Empathisches Handeln erfordert eine innere Bereitschaft, vom eigenen Plan abzuweichen, Rücksicht auf die Bedürfnisse anderer zu nehmen, sich und seine eigenen Bedürfnisse einen kleinen Moment zurückzustellen und letztlich weich und gütig zu werden. Und sie erfordert einen gewissen Forscherdrang, eine Neugierde auf das, was im anderen gerade vor sich gehen mag. Es kostet oft nur ein Lächeln, und schon ist die Situation gerettet. Für den, der sich für die empathische Variante entscheidet, fühlt es sich warm und freundlich an. Für den, der „gelesen“ wurde, fühlt es sich vertrauensvoll und geborgen an. Genau dieser Moment, diese Änderung der Richtung, diese Neuausrichtung des Gedankens und der Stimmung fällt vielen heute schwer. Wir wollen zu oft, dass es genau so läuft, wie WIR das wollen.

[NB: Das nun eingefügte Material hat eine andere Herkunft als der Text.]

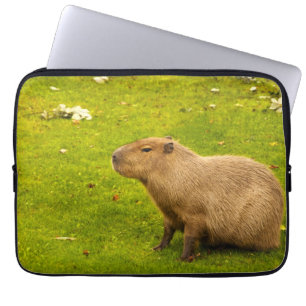 Capa Para Notebook Capivara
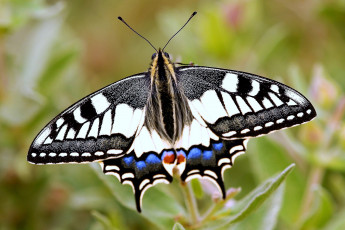 Картинка животные бабочки пестрый крылья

Barack Obama sagte in seiner berühmten Rede an der Xavier University in New Orleans im Jahr 2006:
„Aber ich denke, wir sollten mehr über unser Empathie-Defizit sprechen - die Fähigkeit, uns in die Schuhe eines anderen zu stellen; die Welt durch die Augen derer sehen, die anders sind als wir - das Kind, das Hunger hat, der arbeitslose Stahlwerker, die eingewanderte Frau, die unser Schlafzimmer saubermacht. Wenn Du weiter durchs Leben gehst, wird es immer schwerer, diese Qualität der Empathie zu kultivieren, nicht leichter. Es gibt keine öffentliche Anforderung, keiner zwingt Dich dazu, Dich zu kümmern. Du wirst frei sein, in einer Nachbarschaft zu leben, mit Menschen, die genauso sind wie Du, und Du kannst Deine Kids in die gleichen Schulen schicken und Deine Bedenken auf das herunterschrauben, was in Deinem kleinen Kreis vor sich geht. Nicht nur das - wir leben in einer Gesellschaft, die Empathie entmutigt. In einer Gesellschaft, die uns zu oft sagt, dass es unser Hauptziel im Leben sei, reich, dünn, jung, berühmt, sicher und unterhalten zu sein. In einer Kultur, die zu oft diese selbstsüchtigen Impulse stärkt.“
Selbstsüchtig. Das sind wir heutzutage. Immer mehr, immer öfter. Die Liste der Situationen, in denen ich mir für unsere Welt mehr Einfühlung, weniger Selbstbezogenheit wünsche, ist lang. Wir erleben es täglich, dass die Egos aufeinanderprallen. Doch wenn wir uns auf den Mangel an Empathie in unserer Gesellschaft fokussieren, können wir schnell den Mut verlieren - schauen wir doch lieber auf die ungeahnten Möglichkeiten, die sich hinter diesem kleinen Zauberwort verstecken.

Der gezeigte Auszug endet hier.